Insitro has built a platform to develop—using different computational techniques—large disease-relevant datasets with enough representation for the human population. The company believes that AI algorithms (mainly those that are supervised learning-based) can only be meaningful to the field of medicine if the datasets are large enough to cover all variations while remaining unbiased. Applying genetic, phenotypic, and clinical data on machine learning methods help researchers to understand the foundational aspects of human biology—thus enhancing data-driven predictions and their approach.
A three-part process pipeline, which culminates in ‘Prediction Algorithms’.
The drug development process follows inducing human cells into pluripotent stem cells (iPSCs) capable of changing into any human body cell. Insitro’s understanding of disease architecture helps it to exploit induced iPSCs, genome editing, and high content cellular phenotyping techniques for disease model development. These models are highly accurate as they encode multi-dimensional human diversity thus producing very reliable results.
Using ML and the information-rich datasets, scientists can identify the differences between healthy and affected cells, the finest granularity, thereby developing models for the disease. Knowledge about disease models based on extensive data creates more stable predictions of that disease’s behaviour.
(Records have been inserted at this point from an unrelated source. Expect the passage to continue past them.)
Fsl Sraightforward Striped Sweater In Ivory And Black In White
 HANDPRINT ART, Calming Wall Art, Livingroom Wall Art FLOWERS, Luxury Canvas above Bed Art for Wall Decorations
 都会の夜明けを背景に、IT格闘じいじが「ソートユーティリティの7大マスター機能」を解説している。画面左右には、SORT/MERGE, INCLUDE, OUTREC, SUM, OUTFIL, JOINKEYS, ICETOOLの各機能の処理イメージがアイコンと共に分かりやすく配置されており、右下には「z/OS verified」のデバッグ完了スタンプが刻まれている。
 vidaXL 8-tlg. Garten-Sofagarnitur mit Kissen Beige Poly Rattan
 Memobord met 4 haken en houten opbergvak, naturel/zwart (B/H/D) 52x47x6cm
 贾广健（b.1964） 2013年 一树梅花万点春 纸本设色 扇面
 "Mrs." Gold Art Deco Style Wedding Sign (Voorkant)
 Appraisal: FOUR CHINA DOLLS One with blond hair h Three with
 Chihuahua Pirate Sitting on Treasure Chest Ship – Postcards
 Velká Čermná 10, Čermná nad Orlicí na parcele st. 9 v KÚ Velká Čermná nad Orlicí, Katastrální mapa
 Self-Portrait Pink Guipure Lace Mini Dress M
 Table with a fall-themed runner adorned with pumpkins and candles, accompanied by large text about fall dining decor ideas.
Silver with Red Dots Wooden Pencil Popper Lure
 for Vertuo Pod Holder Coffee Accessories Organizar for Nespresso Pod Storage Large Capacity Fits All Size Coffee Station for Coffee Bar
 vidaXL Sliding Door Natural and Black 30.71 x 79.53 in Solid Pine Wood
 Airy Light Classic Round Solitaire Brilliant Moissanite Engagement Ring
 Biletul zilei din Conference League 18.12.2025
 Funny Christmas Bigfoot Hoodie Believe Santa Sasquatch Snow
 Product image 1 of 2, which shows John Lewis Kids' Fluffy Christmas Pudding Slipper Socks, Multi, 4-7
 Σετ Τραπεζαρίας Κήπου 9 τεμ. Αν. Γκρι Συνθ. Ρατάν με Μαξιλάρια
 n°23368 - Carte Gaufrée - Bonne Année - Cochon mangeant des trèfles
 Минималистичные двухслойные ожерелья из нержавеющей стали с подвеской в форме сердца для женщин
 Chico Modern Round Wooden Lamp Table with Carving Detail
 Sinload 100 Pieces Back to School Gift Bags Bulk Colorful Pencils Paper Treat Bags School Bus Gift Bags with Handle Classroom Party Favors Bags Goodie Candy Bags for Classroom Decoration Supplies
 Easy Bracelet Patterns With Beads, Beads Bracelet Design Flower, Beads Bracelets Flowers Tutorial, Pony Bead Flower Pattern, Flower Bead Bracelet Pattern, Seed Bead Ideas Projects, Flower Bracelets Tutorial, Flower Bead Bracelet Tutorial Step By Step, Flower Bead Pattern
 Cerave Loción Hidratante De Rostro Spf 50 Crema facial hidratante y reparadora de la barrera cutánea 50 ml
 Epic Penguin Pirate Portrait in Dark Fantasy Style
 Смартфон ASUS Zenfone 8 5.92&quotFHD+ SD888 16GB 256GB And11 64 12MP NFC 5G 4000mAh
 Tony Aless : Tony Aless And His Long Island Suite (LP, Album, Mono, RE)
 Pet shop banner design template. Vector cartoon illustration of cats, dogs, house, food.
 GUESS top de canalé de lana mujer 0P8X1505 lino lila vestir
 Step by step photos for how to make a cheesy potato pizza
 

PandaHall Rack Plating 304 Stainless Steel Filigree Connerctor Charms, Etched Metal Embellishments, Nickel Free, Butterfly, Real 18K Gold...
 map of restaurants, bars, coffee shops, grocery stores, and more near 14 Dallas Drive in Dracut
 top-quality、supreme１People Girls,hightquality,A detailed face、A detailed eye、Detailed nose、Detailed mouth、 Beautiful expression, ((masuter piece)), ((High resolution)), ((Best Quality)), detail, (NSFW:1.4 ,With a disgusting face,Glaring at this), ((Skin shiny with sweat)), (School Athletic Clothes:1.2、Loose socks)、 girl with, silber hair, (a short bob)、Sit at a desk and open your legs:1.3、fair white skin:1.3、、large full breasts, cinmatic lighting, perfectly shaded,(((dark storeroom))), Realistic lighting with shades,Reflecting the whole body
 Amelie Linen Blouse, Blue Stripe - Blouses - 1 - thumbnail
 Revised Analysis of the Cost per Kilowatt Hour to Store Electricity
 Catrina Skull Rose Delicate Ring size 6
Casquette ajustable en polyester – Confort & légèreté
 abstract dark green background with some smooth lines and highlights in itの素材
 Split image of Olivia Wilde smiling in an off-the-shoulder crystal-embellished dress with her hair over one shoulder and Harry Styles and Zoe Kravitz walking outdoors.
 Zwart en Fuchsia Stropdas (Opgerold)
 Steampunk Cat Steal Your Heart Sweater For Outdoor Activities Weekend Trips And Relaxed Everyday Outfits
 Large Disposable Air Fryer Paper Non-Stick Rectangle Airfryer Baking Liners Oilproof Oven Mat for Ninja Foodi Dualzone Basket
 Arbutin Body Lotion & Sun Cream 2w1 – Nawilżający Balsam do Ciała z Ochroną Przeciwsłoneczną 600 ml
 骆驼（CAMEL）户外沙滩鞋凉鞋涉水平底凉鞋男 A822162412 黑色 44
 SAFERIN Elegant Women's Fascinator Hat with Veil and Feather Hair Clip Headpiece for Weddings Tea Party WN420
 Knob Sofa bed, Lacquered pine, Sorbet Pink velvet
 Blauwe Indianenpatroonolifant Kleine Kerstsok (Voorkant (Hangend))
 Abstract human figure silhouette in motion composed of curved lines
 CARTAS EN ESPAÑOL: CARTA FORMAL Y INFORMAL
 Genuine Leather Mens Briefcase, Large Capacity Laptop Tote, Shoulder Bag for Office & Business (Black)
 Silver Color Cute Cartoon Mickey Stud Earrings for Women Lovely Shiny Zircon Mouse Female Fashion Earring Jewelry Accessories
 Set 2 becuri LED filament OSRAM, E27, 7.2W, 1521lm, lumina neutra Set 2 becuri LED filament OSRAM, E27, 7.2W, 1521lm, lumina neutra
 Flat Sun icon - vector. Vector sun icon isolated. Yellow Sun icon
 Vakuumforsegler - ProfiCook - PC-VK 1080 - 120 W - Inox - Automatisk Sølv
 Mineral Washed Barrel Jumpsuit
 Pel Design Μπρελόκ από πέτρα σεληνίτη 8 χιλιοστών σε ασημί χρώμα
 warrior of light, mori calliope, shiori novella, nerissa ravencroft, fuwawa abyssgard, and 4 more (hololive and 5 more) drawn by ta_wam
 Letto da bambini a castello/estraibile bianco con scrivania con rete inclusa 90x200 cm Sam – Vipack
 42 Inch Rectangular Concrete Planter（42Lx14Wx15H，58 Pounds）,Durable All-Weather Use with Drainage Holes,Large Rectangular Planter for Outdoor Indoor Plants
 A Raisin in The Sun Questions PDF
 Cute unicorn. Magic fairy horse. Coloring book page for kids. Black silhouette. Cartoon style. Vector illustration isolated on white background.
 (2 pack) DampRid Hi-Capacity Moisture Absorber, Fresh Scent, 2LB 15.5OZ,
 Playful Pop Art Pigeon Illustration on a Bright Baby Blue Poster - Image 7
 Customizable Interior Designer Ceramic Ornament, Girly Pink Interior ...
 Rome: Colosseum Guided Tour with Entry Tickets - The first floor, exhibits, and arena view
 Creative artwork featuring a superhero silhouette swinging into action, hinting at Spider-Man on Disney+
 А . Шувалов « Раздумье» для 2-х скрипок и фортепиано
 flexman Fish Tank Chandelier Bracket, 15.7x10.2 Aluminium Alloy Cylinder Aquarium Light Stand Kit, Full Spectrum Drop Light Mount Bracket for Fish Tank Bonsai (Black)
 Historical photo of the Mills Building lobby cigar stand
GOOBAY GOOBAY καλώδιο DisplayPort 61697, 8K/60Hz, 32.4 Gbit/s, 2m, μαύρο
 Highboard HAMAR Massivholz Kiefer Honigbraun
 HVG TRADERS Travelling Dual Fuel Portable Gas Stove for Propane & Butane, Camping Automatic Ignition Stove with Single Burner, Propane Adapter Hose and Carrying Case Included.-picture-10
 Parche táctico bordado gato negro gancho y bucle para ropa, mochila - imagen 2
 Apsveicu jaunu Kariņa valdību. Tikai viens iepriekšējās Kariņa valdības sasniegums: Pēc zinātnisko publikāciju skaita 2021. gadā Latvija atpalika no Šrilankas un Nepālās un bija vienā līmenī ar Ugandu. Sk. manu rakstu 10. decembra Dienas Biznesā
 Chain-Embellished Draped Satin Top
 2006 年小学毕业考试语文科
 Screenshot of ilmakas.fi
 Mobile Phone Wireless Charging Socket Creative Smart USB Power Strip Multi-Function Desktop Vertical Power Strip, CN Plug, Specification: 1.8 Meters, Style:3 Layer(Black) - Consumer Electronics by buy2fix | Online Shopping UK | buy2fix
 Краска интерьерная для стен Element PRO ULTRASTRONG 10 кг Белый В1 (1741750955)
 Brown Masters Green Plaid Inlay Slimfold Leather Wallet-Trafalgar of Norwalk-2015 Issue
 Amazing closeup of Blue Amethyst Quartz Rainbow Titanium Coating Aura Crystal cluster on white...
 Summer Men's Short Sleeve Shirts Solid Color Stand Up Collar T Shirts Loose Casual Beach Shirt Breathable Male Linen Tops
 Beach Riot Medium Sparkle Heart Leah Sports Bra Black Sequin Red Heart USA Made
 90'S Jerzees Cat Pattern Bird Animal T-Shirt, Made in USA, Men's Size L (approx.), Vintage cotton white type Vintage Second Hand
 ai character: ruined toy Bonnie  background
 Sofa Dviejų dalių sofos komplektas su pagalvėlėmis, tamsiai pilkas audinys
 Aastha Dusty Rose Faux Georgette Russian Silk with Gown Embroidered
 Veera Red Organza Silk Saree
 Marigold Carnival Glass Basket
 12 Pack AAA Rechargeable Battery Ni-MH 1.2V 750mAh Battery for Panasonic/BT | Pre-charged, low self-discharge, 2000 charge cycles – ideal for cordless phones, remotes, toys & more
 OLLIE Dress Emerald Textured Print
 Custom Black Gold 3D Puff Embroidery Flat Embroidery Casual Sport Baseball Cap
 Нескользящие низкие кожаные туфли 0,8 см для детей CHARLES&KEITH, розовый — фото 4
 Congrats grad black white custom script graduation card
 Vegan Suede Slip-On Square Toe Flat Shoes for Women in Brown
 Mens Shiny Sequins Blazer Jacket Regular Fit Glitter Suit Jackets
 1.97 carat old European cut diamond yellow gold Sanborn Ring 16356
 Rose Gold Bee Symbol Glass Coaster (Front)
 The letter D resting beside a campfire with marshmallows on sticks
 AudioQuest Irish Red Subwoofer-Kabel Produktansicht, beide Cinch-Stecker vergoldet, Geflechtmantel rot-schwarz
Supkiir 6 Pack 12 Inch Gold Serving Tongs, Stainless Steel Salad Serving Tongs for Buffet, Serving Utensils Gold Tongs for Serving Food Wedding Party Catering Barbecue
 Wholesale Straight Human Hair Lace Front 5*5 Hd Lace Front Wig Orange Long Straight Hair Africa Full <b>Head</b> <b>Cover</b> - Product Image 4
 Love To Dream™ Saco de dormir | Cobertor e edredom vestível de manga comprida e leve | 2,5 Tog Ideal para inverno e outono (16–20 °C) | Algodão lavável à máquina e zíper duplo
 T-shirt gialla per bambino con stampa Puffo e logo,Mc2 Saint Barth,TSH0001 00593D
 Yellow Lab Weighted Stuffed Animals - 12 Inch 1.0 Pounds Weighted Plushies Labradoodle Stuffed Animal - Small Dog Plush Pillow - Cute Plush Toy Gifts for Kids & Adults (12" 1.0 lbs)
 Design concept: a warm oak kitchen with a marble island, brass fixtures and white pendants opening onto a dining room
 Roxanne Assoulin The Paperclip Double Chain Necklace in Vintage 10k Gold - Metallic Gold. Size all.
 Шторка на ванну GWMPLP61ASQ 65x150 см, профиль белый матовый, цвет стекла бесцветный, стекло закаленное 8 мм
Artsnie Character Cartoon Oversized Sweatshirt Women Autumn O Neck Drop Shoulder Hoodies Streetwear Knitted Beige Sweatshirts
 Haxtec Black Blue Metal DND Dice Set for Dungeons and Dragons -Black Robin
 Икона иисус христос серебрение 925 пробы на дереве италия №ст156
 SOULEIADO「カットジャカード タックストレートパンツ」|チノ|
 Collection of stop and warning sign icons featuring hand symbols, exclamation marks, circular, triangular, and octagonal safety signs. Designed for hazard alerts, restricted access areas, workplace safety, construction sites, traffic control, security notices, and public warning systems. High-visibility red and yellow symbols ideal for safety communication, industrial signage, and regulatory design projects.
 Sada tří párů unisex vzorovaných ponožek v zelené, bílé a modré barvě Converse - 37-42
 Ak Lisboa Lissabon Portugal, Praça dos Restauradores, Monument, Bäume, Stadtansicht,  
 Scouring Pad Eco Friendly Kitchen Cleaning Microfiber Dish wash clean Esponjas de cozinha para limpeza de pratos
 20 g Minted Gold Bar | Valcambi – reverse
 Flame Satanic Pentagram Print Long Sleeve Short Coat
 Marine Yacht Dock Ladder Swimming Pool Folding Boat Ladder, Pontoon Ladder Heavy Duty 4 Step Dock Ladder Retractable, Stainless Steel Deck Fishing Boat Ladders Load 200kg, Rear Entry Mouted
The predictive model is a combination of in-vitro cellular systems and in silico ML models capable of both identifying new diseases and finding the most potent drug-based solutions. The results enable better drug design processes and clinical development strategies. Further nuances of the approach include the identification of patients on the basis of their genetics, using several biomarkers and segmenting them.
Insitro Moving Forward
The company’s most significant partnership with Gilead instilled more belief in investors in Koller’s team and their ability to blur the boundaries between life sciences and data science. It is a three-year contract with a view to develop novel treatments for non-alcoholic steatohepatitis with an initial 15-million-dollar partnership upfront.
The industry strongly believes in the abilities of Daphne Koller and the company’s performance reinforces the same. A two-year-old company creating such remarkable stir is remarkable, and hopefully, the company lives up to the expectations of a safer and medically sound future.